# Heat, Humidity and Age-Warning Long and Whiny



## Schneiderguy (Jan 9, 2005)

I'm 66 and think the last few years are like "doggie years" :cryin: I live where it gets hot and humid. The typical Saturday group ride is 55-65 miles and average pace 20 mph. Ususally 10-15 riders and run a single pace line through rollers. Since the weather has heated up on Saturdays I'm good to the store stop about half way into the ride or around 1.5 hrs or so. Last few Saturdays the pace was 21-21.5 to the store stop. During the second part of the ride my legs shut down. I can't put adequate power out to keep up. I don't usually cramp but I do get twinges that are close to it. I think I over heat and I'm not cooling off due the humidity. I think the humidity doesn't allow me to evaporate adequately. Ths past Saturday for example the temp was 72 degrees at 7:00 (we started riding at 7:30) and the humidity was 93%. At 8:00 the temp was around 78 degrees and 84% humidity and by 11:00 the temp was 86 degrees (feel temp was 98 degrees) and 63% humidity. I rode the last half of the way from the store stop by myself in the small ring took it easy and still averaged 18.8 mph for the ride riding easy by myself much of the way back. The riders cloest to my age are 10-15 years younger than me and a few much younger. Einstein defined "insanity" as contiune to do the same thing and expect different results". I don't think it is a matter of fitness, suffering more, or training away the problem. Fact is I can't do it-at lest for 3-3.5 hours. One option is riding to the store with the group and then ride easy on my own the last half of the ride-sort of what is happening now but avoiding further serious stress where the legs give out. Or is it better to avoid that level of stress even for half the ride and just do my own thing and get back with the group in the fall. I know I can find another slower group but I'm not willing to admit to it yet! I do intervals on Tuesdays on the trainer and an hour really fast group ride on Thursdays-it's hot but the humidy is down a lot. I may have to give up Thursdays when it get really hot. BTW I'm well hydrated drink 4-5 20 oz bottles of gatorade and eat appropriately so that's not the problem.


----------



## woodys737 (Dec 31, 2005)

IME hydration is as much what I do the days leading up to an event as taking on liquids during the event.

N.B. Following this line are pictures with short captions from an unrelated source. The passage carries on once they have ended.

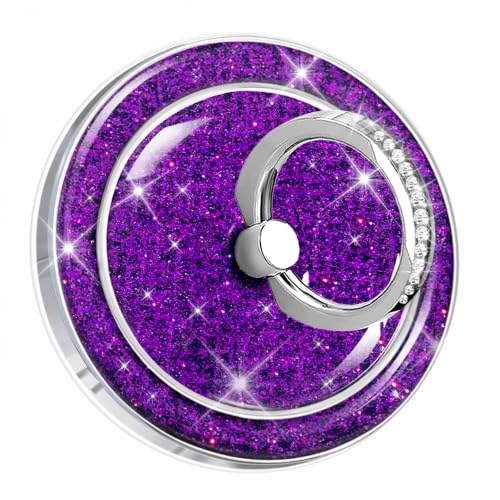 Magnetic Phone Ring for MagSafe,Phone Grip Kickstand,Finger Ring Holder Stand Compatible with iPhone 17 16 15 14 13 12 Pro Max Plus and Phone Case - Purple Glitter - image 1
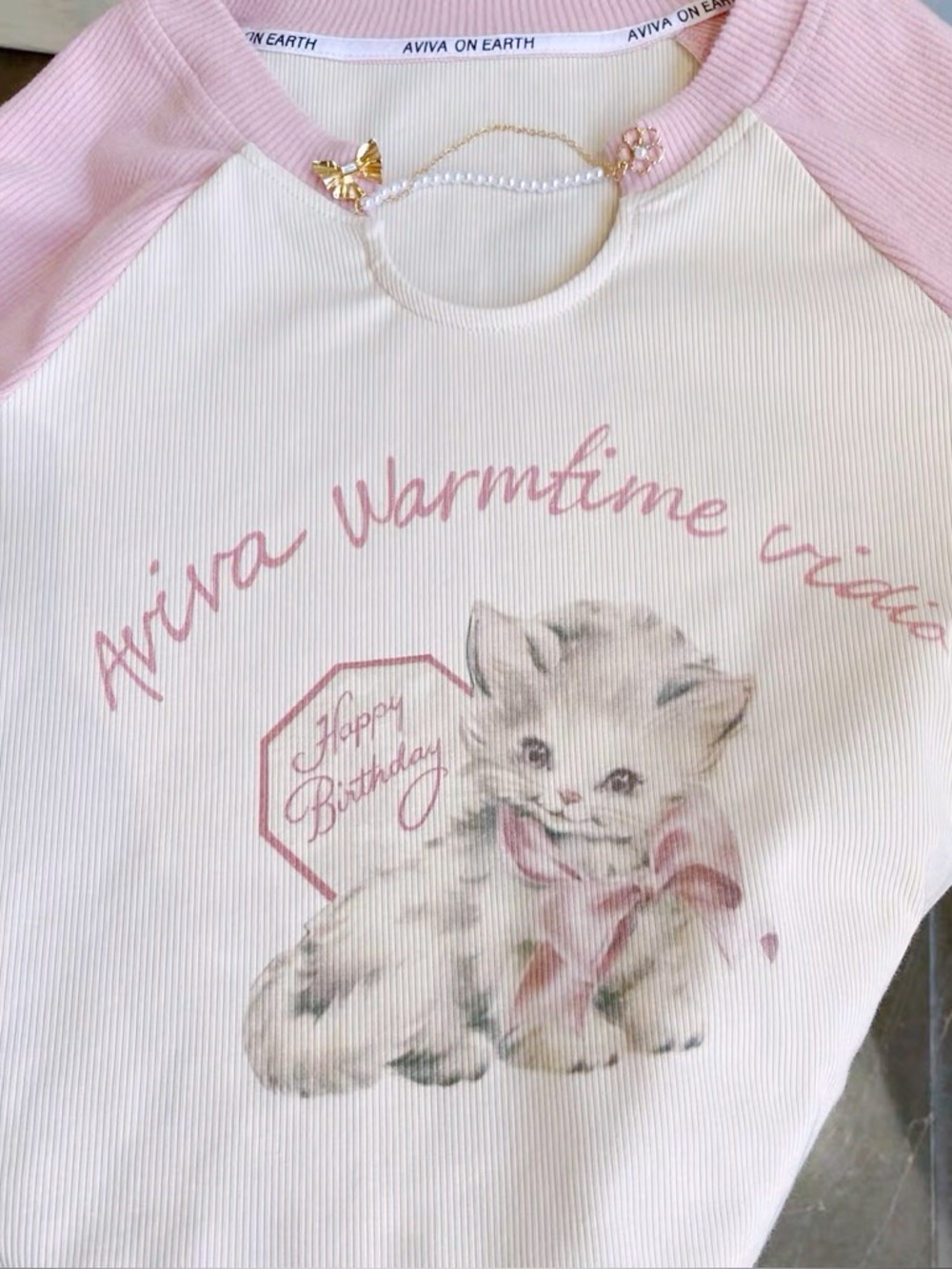 Rare style Aviva On Earth Pink & Cream Kitten Graphic Raglan Tee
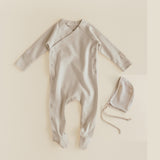 Ferne Oat/Gingham Patch Footie and Bonnet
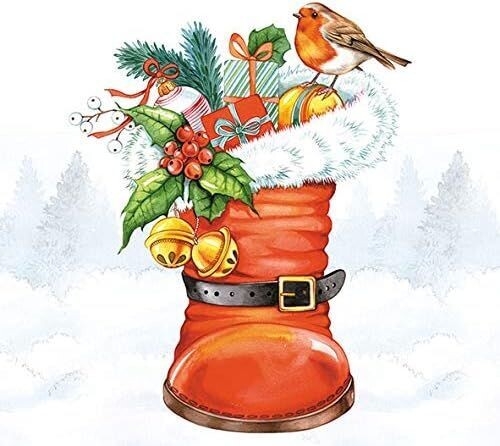 Nikolausstiefel Ambiente 20 Stück Weihnachten - Servietten , 3-lagig ca. 33cm , Motivservietten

IMHO 10-15 years younger guys can be a player. But that depends on som many variables.

I agree it's not about suffering more, but I disagree that it's not about fitness. IME and IMO it's all about fitness. With that being said, there are limits to fitness gains. Maybe identify other limiters specific to you as the heat and humidity were the same for everyone that day.


----------